The problem: From the records that follow, return exactly the lines beginning at the one that contains "COPENHAGEN COLORS Endless" and ending at the one that contains "Mirror Palais Cropped", pictures left out.

Recorded data:
....
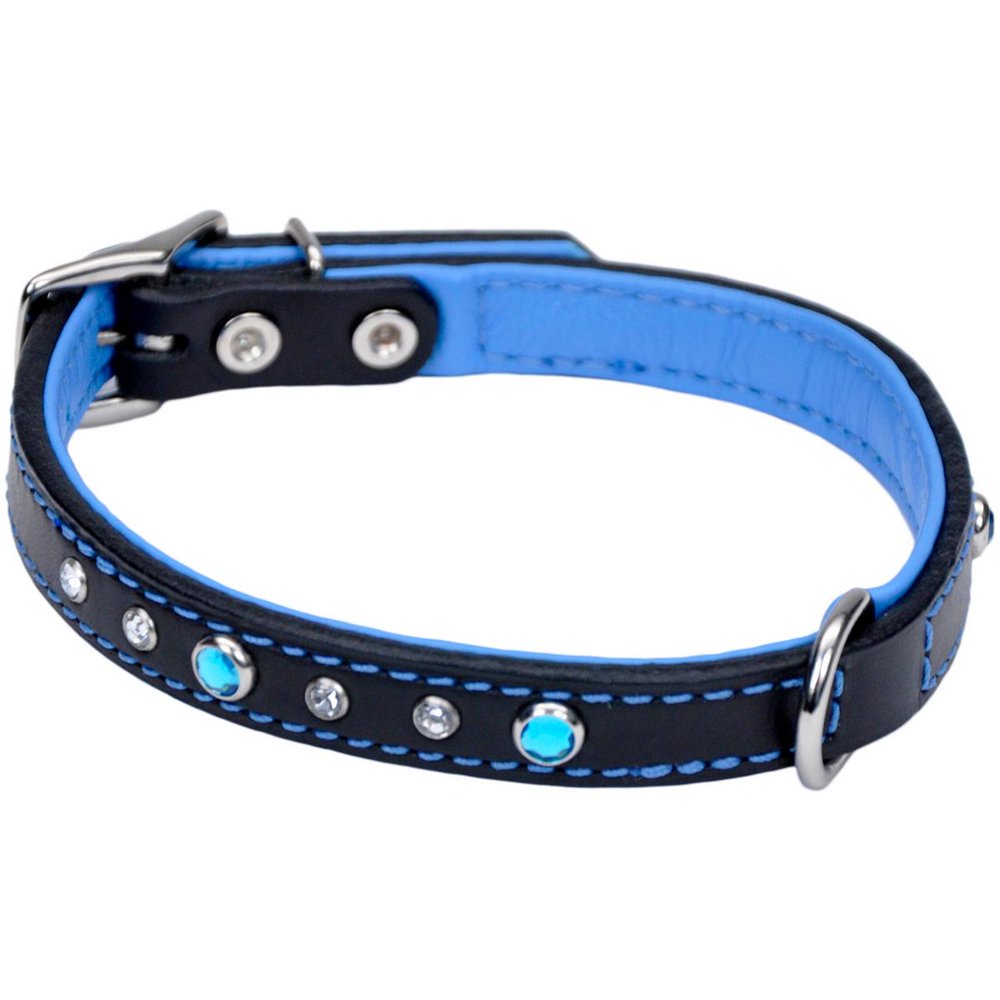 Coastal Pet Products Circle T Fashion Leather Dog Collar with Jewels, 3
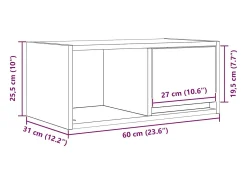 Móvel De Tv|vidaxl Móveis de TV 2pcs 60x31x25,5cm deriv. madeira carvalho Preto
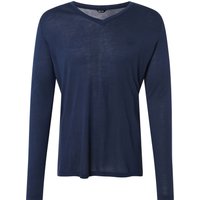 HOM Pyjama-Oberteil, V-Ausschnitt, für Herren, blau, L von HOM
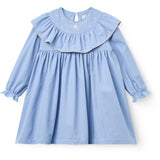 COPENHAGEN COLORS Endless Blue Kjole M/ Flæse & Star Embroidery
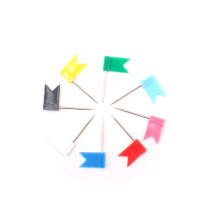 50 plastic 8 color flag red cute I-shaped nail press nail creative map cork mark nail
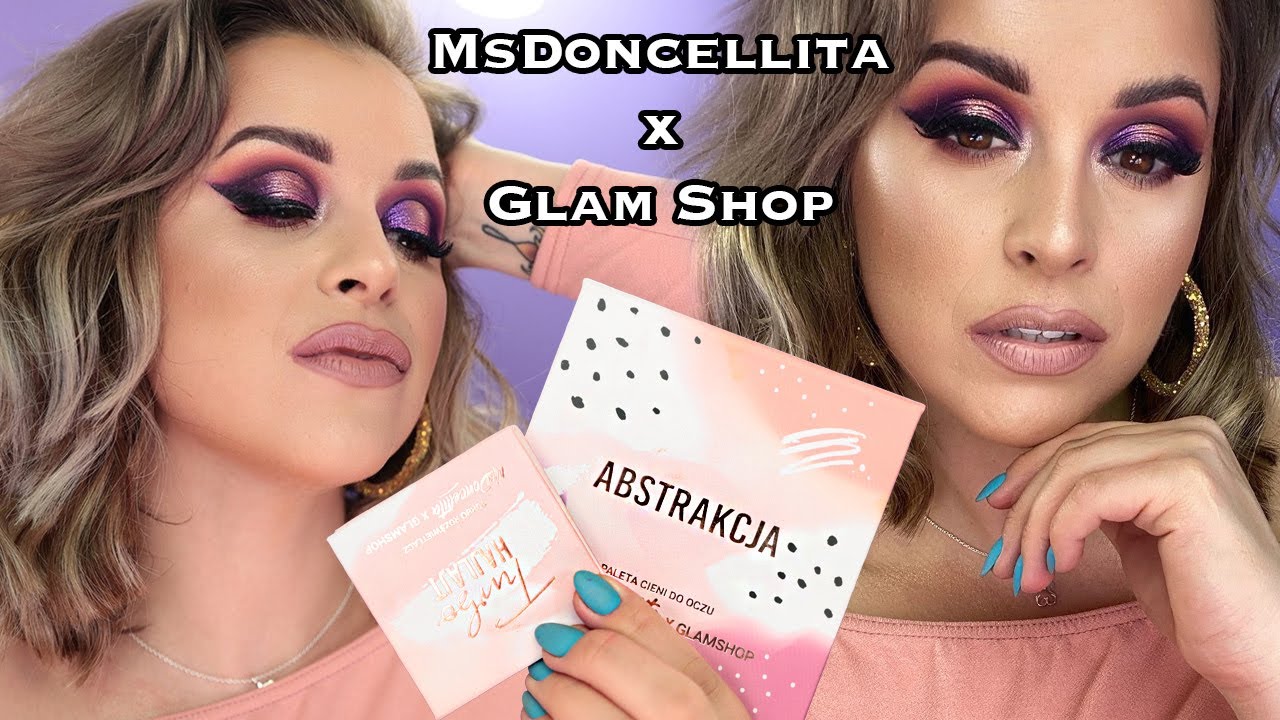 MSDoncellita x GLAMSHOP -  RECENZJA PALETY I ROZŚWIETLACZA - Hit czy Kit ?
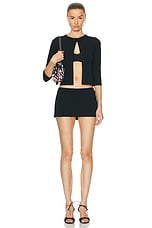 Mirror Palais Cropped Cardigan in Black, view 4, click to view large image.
....
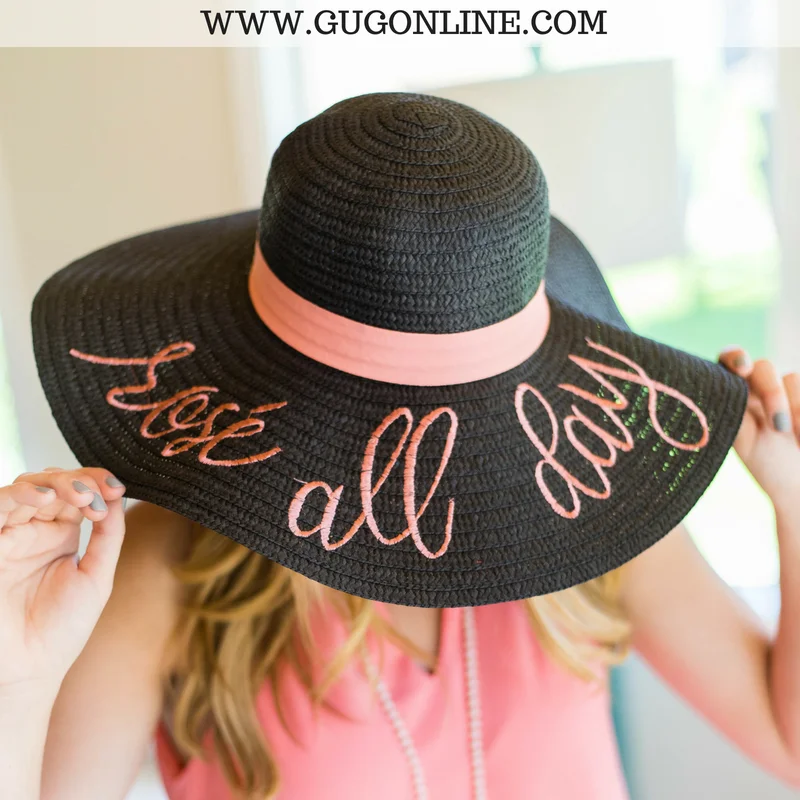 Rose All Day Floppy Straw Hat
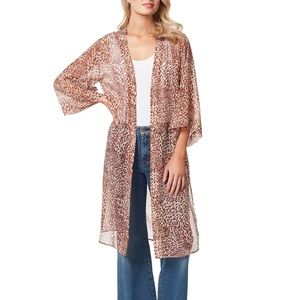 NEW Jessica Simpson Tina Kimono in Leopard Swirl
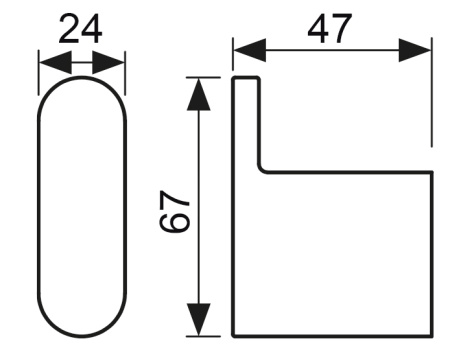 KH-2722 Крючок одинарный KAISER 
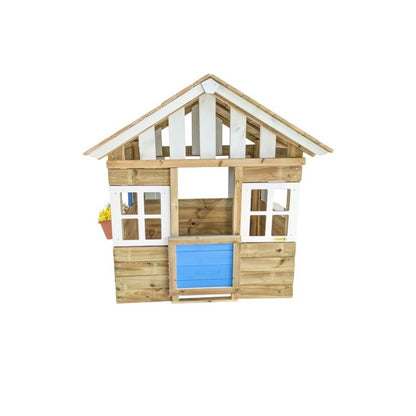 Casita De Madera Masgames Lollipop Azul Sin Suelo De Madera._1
....
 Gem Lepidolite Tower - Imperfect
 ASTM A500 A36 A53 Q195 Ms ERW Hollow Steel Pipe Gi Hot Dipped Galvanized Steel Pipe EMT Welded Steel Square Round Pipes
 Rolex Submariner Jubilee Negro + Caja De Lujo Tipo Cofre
....
Completed exercise:
 COPENHAGEN COLORS Endless Blue Kjole M/ Flæse & Star Embroidery
 50 plastic 8 color flag red cute I-shaped nail press nail creative map cork mark nail
 MSDoncellita x GLAMSHOP -  RECENZJA PALETY I ROZŚWIETLACZA - Hit czy Kit ?
 Mirror Palais Cropped Cardigan in Black, view 4, click to view large image.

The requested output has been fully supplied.